Une critique sociale d’une époque qui bascule
A l’image usée jusqu’à la moelle de l’ascenseur social, ce roman répond durement en nous plongeant dans un territoire, sur la terre ferme des rêves adolescents d’une vie devant soi, empêchés, toujours. Face à l’optimisme triomphant de la consommation de masse et du progrès infini, les personnages bien trop réels de cette histoire se retrouvent en décalage. Car c’est bien d’une inéquation fondamentale entre ces jeunes lorrains des campagnes et les promesses politiques et publicitaires d’abondance matérielle dont parle ce roman.

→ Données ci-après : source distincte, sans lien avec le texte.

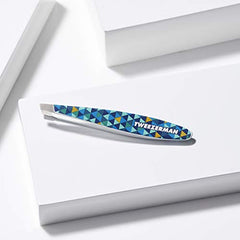 Tweezerman 1252TPR Mini Slant Tweezer Pattern, 1 Count, Blue Mosaic Pattern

C’est l’impuissance d’une région entière qui se retrouve prise au piège d’une réalité qui échappe à ses protagonistes.
Avant d’être l’histoire de personnages s’étalant de 1992 à 1998, Leurs enfants après eux est aussi le roman de deux générations, celle des parents et celle des adolescents, qui évoluent dans un espace similaire, mais dans une temporalité différente, créant la confusion intergénérationnelle caractéristique de ce basculement d’époque. Des parents au chômage, victime de l’alcoolisme, de la perte de sens, jamais reconnus pour leurs efforts, se retrouvent à devoir gérer des enfants dans un monde menaçant, qui s’est dérobé sous leurs pieds. Avec la fermeture des hauts-fourneaux, des mines, la Lorraine est le théâtre d’une génération désœuvrée qui ne sait plus bien quelle est sa place.

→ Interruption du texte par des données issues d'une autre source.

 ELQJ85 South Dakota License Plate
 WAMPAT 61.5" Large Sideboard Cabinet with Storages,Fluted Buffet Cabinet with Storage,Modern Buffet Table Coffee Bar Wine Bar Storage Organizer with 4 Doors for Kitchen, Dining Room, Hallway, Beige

Un roman initiatique renversé : la vie négative
A Heillange, ville imaginaire mais à consonance lorraine tout à fait convaincante, les ados s’ennuient. A chaque été détaillé dans le roman, on observe l’évolution de 14 à 20 ans d’une poignée de personnages issus d’horizons différents mais tous marqués par leur provenance, chacun rêvant d’un ailleurs, d’une possibilité d’échapper à cette région qui les bride. Anthony fume, boit, rêve de filles et surtout de Stéphanie, essaye de s’en sortir dans une famille brisée. Hacine subit la pression de ses pairs, de la reconnaissance uniquement obtenue par la violence verbale et physique, d’une société qui ne donne que la possibilité de l’épanouissement social par le contournement des valeurs associées à la tradition. Tant de violence insidieuse, de renoncements et d’espoirs brisés recouvrent la vie de ces deux garçons pas si différents, qui pourtant vont se croiser et devenir rivaux malgré eux. A travers leurs histoires enchevêtrées, c’est un documentaire incarné d’une classe entière que dresse Nicolas Mathieu.

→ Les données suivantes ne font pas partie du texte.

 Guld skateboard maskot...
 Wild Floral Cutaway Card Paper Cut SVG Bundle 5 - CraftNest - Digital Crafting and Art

Au cours de quatre étés successifs, on suit Anthony dans cette période difficile du passage à l’âge adulte, son espoir et ses rêves diminuant continuellement. Tombé amoureux de Stéphanie, il va se heurter à la barrière de classe qui se dresse entre eux : elle, issue de la petite bourgeoisie locale destinée à des études dans les grandes écoles parisiennes, et lui, fils d’ouvrier qui ne peut même pas imaginer une vie pareille tant elle est lointaine et interdite. Cette histoire déchirante d’un amour empêché, de trajectoires qui se croisent sans se toucher, est l’incursion du social dans la vie personnelle, entre Heillange et Paris, un local renfermé sur lui-même et un global qui ne peut plus se permettre d’être associé à un territoire de « perdants ».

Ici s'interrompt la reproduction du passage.